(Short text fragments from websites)

-- -- --

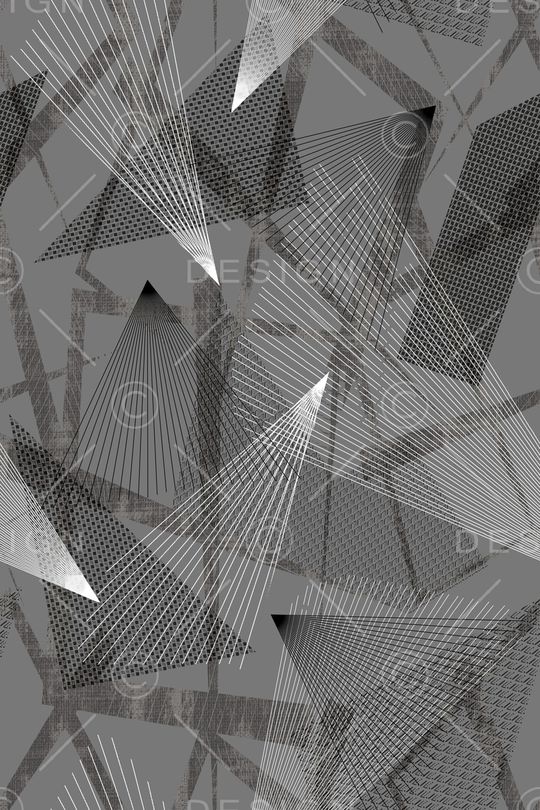 线条印花华亿平台图片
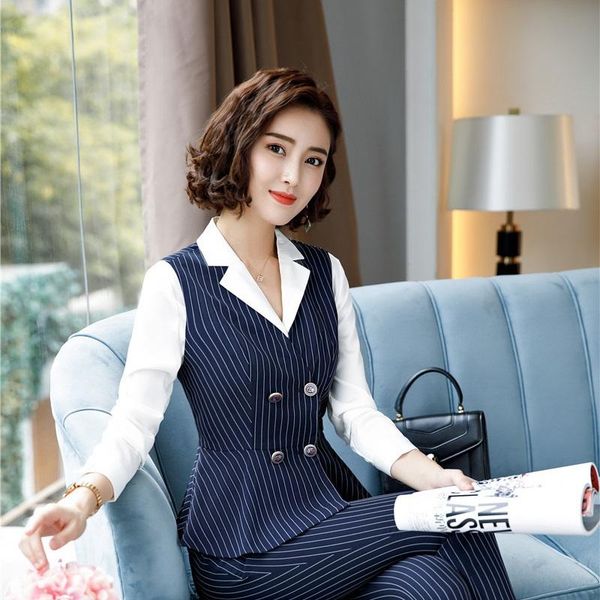women's vests 2021 styles fashion striped formal vest coat & waistcoat for women business jackets female blazers uniform, Black;white
women's vests 2021 styles fashion striped formal vest coat & waistcoat for women business jackets female blazers uniform, Black;white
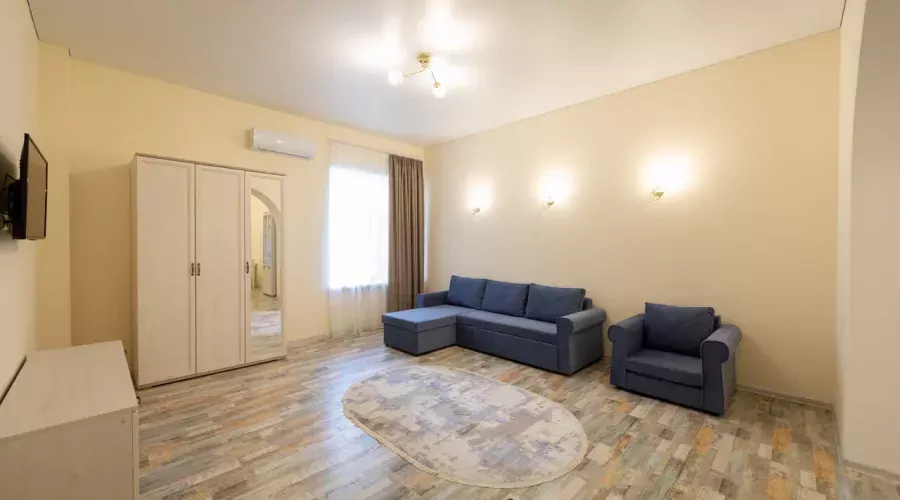 Апартаменты "Романова" 2-местные 3-комнатные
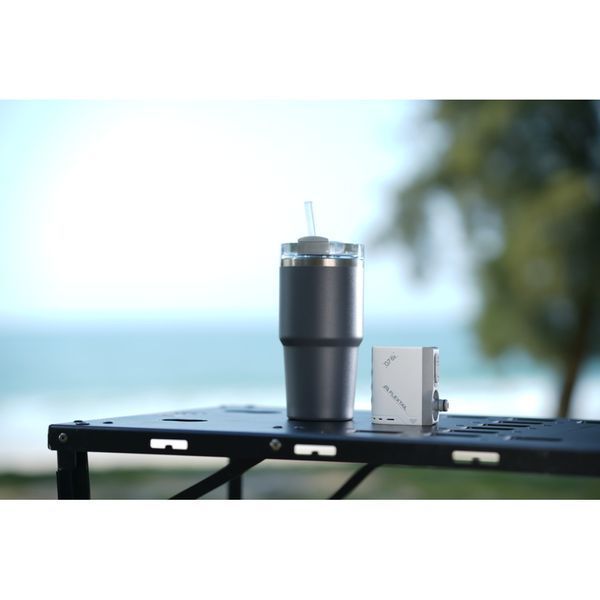 Душ портативний з насосом на акумуляторі Flextail Tiny Shower TS650WT / TS2500WT, білий TS650WT фото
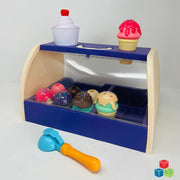 Open Ended Scoop And Serve Icecream Shop Set (20 Pieces)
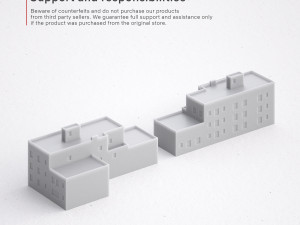 free 3d print miniature building rb-us-ny-047 3D-Druckmodell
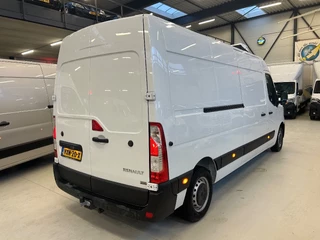 Renault Master 2023 - 2.3DCI L3H2 KOEL/VRIES + Stekker Airco Navi Cruisecontrol 270 Graden Deuren ONGEBRUIKT BPM VRIJ zdjecie 4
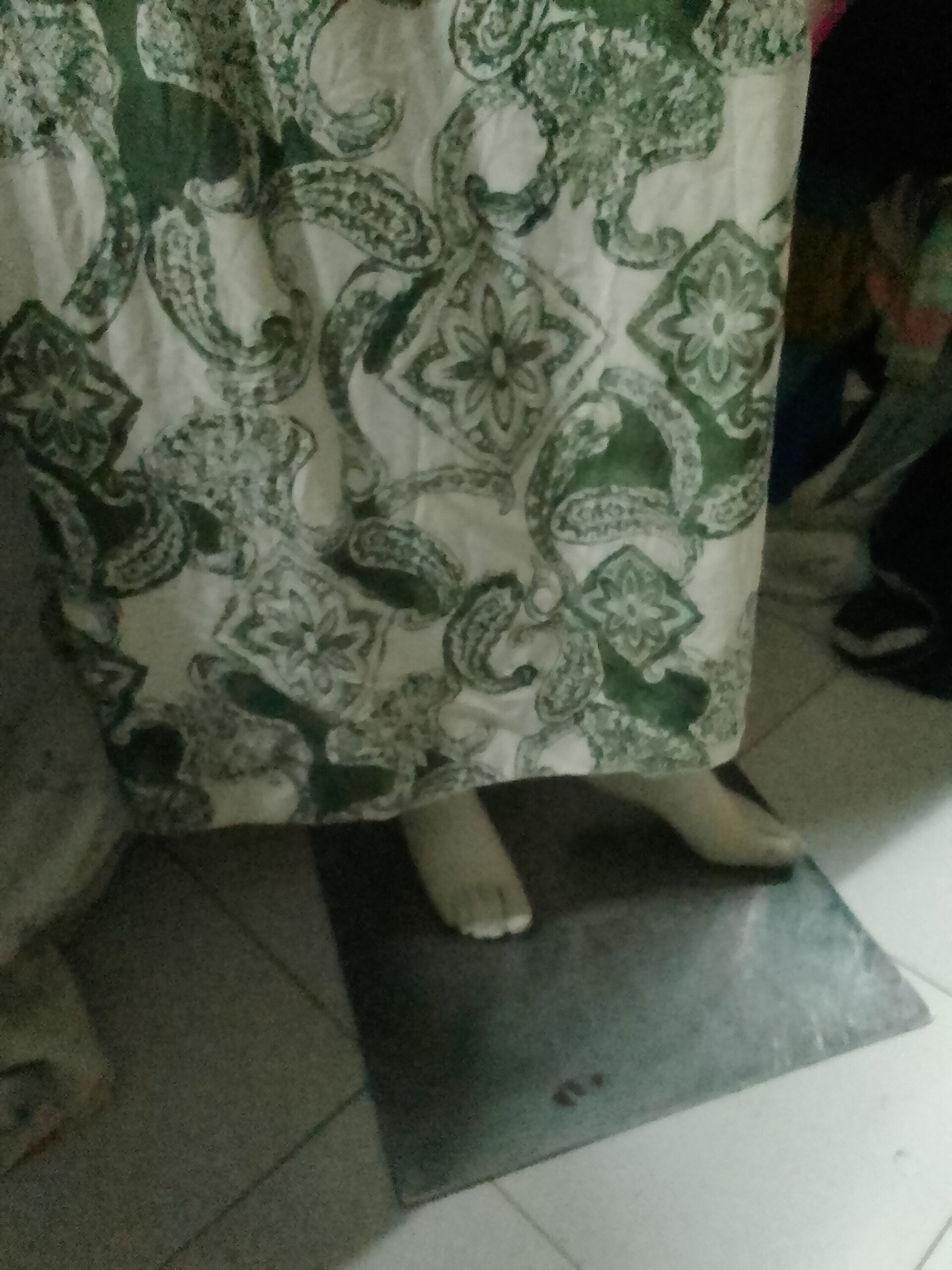 Vestido bohemio con tirantes y lazo al pecho - 4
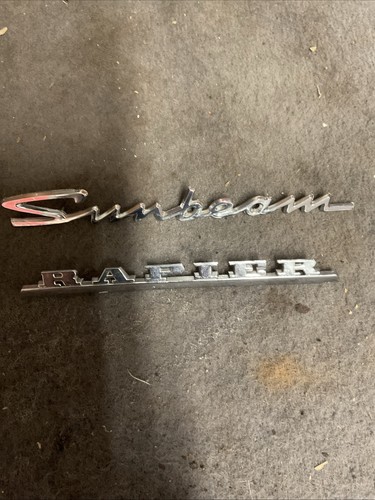 Vintage sunbeam rapier - vintage, classic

-- -- --

** Your goal **
Your answer must be the lines from the one containing "Renault Master 2023" through the last line of the records, printed exactly with no pictures; please include both ends.

** Response **
 Renault Master 2023 - 2.3DCI L3H2 KOEL/VRIES + Stekker Airco Navi Cruisecontrol 270 Graden Deuren ONGEBRUIKT BPM VRIJ zdjecie 4
 Vestido bohemio con tirantes y lazo al pecho - 4
 Vintage sunbeam rapier - vintage, classic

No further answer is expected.